[AVAILABLE RECORDS]

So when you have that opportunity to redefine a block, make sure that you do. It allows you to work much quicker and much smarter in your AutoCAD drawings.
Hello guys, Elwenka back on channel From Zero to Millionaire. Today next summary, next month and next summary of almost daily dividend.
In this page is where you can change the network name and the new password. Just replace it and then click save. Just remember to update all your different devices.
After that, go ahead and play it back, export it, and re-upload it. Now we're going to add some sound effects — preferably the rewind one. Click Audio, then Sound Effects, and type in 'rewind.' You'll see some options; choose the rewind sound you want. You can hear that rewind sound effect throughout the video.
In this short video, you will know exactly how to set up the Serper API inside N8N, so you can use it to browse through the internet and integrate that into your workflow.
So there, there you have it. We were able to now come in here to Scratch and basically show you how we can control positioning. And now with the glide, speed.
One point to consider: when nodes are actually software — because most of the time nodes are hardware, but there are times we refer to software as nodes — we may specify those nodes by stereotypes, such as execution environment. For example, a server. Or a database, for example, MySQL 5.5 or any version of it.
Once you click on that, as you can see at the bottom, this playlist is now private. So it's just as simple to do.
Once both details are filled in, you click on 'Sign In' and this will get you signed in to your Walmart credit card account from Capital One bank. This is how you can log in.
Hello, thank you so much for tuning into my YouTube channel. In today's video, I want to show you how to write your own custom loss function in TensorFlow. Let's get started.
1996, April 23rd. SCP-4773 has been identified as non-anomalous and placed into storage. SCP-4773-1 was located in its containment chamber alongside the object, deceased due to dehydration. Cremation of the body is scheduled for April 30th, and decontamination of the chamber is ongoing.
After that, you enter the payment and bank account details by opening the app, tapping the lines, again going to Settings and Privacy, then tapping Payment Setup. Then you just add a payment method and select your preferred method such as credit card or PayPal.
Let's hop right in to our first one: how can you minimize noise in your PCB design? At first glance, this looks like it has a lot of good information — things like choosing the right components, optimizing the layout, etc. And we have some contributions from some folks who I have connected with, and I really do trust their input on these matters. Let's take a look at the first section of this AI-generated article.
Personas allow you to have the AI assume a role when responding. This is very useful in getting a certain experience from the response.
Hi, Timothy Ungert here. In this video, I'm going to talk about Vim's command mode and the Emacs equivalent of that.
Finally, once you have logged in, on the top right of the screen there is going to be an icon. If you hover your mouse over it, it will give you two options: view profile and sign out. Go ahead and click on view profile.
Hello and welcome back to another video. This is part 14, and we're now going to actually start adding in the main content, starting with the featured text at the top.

[/AVAILABLE RECORDS]

YOUR GOAL:
From the records above, copy every line that includes the word "want".

ANSWER TO THE PROBLEM:
After that, go ahead and play it back, export it, and re-upload it. Now we're going to add some sound effects — preferably the rewind one. Click Audio, then Sound Effects, and type in 'rewind.' You'll see some options; choose the rewind sound you want. You can hear that rewind sound effect throughout the video.
Hello, thank you so much for tuning into my YouTube channel. In today's video, I want to show you how to write your own custom loss function in TensorFlow. Let's get started.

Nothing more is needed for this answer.